I lucked into a daughter whose love of theater surpasses my own.

In fact, she’s written plays that were staged or read, and – BRAG ALERT – they’re really good.

What my daughter doesn’t write is news copy. That’s what I used to do – for much of a 40-year career.

I’m glad she loves writing. I’m also glad she’s not in the profession that helped pay for the education that led her to writing plays and TV scripts.

The reason this thought  came up this week is that my daughter took me to see the Broadway production of “Good Night, and Good Luck.” It stars George Clooney, who directed the film from which the play is derived. In the play, he portrays broadcast journalism legend Edward R. Murrow after playing Murrow’s producer, Fred Friendly, in the film.

In case you haven’t seen it, or forgot, “Good Night, and Good Luck.” highlights Murrow’s CBS broadcasts on Sen. Joseph McCarthy, whose crusade against people he perceived as Communists led to an atmosphere of fear in the 1950s. It captured – and was focused – on the fear of the era, educating another generation about a dark period in American history.

The movie is excellent and I recommend it if you can find it on a streaming service or old DVD. 

But I thought the play underscored a great point in a way the movie didn’t.

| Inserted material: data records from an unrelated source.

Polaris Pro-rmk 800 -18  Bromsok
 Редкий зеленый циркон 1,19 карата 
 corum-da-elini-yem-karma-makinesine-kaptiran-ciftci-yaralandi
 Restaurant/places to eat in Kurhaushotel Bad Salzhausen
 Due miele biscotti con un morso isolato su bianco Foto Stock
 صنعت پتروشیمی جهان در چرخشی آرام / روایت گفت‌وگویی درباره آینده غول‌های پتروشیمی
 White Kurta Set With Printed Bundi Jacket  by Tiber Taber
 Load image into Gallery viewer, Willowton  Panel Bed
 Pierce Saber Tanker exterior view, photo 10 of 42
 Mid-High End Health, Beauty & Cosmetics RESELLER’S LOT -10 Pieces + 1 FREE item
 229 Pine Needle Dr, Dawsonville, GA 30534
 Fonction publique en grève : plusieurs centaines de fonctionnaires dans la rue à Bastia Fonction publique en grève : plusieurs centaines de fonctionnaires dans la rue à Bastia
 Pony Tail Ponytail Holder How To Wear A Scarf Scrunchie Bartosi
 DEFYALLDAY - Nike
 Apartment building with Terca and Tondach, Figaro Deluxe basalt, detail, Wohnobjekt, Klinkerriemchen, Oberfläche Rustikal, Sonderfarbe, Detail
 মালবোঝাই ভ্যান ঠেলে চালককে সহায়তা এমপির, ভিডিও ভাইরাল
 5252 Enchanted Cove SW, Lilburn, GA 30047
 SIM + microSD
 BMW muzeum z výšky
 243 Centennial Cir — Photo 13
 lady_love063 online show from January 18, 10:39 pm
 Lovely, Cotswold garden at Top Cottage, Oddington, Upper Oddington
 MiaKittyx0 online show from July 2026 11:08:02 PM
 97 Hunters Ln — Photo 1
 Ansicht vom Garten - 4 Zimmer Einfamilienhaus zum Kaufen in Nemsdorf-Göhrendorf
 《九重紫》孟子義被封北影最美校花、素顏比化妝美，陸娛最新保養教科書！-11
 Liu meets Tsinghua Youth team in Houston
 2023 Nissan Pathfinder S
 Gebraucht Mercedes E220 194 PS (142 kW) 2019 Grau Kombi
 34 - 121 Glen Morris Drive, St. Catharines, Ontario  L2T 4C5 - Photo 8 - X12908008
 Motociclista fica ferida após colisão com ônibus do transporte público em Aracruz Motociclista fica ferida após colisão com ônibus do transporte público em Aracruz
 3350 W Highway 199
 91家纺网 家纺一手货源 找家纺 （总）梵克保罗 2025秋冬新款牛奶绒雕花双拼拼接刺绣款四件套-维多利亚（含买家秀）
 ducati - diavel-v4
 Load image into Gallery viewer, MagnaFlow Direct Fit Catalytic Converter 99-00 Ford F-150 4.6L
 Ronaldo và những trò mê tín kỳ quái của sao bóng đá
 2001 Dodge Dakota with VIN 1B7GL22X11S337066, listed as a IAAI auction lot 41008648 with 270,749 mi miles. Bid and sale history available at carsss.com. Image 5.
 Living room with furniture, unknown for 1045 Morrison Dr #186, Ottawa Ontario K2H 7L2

The play, much more that the film, takes place in the CBS “See It Now” newsroom. It depicts what’s great about journalism – the collaboration among colleagues, the rush of tracking down a hot story, the matching of wits with really smart people.

Murrow and his crew were disgusted by McCarthy’s intimidating and smearing. The parallels to 2025 America are obvious to anyone who checked their news alerts at the theater before turning off their phones.

But the play also highlighted the nature of the business known as broadcast journalism.

TV stations and networks have big newsrooms. They produce some incredible work – few newspaper pieces can match the power of a well-produced piece on a “See It Now” or its offspring, “60 Minutes,” not to mention some of the great PBS documentary series such as “Frontline.”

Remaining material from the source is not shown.